#### WHAT YOU HAVE TO DO
Where the line containing "Поне 18 души" appears below, begin there and reproduce each line exactly through the last one, omitting pictures.

#### THE DATA
====
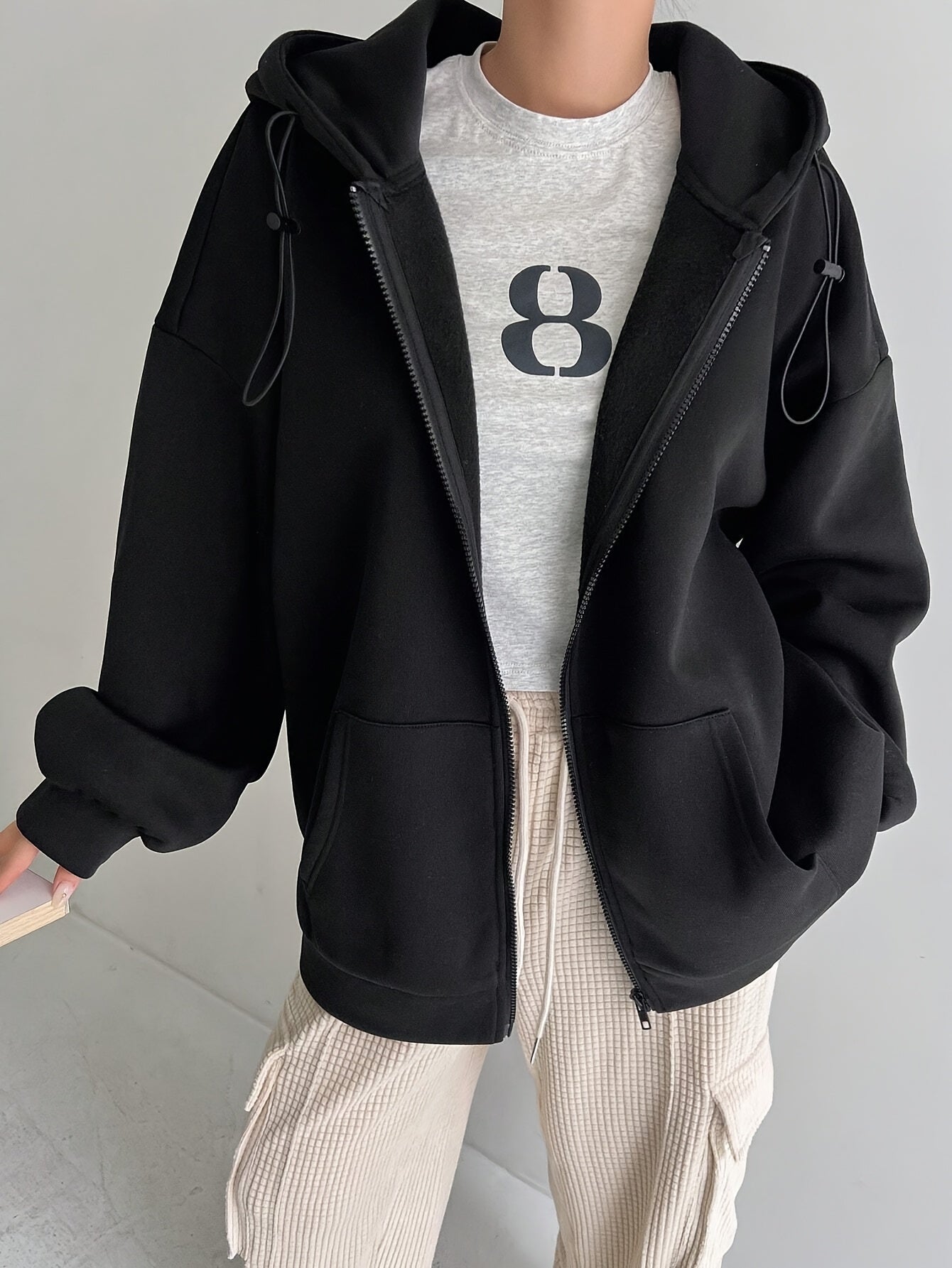 Sudadera con capucha con forro de felpa negra para mujer con capucha extragrande para otoño e invierno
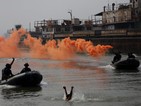 Поне 18 души са в неизвестност след преобръщане на лодка в Ганг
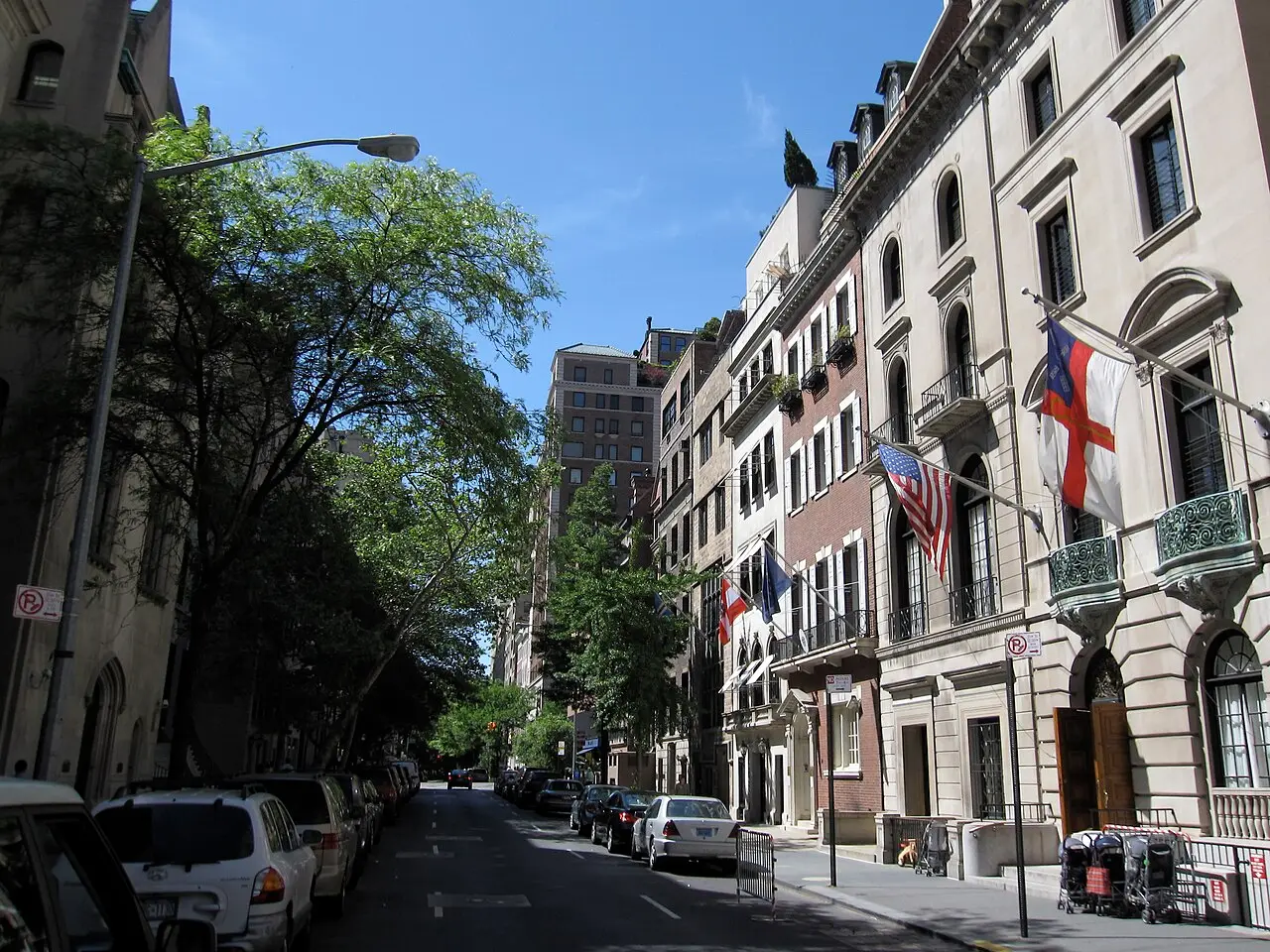 Upper East Side, around The Alvin Public House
====
#### RESPONSE BELOW
 Поне 18 души са в неизвестност след преобръщане на лодка в Ганг
 Upper East Side, around The Alvin Public House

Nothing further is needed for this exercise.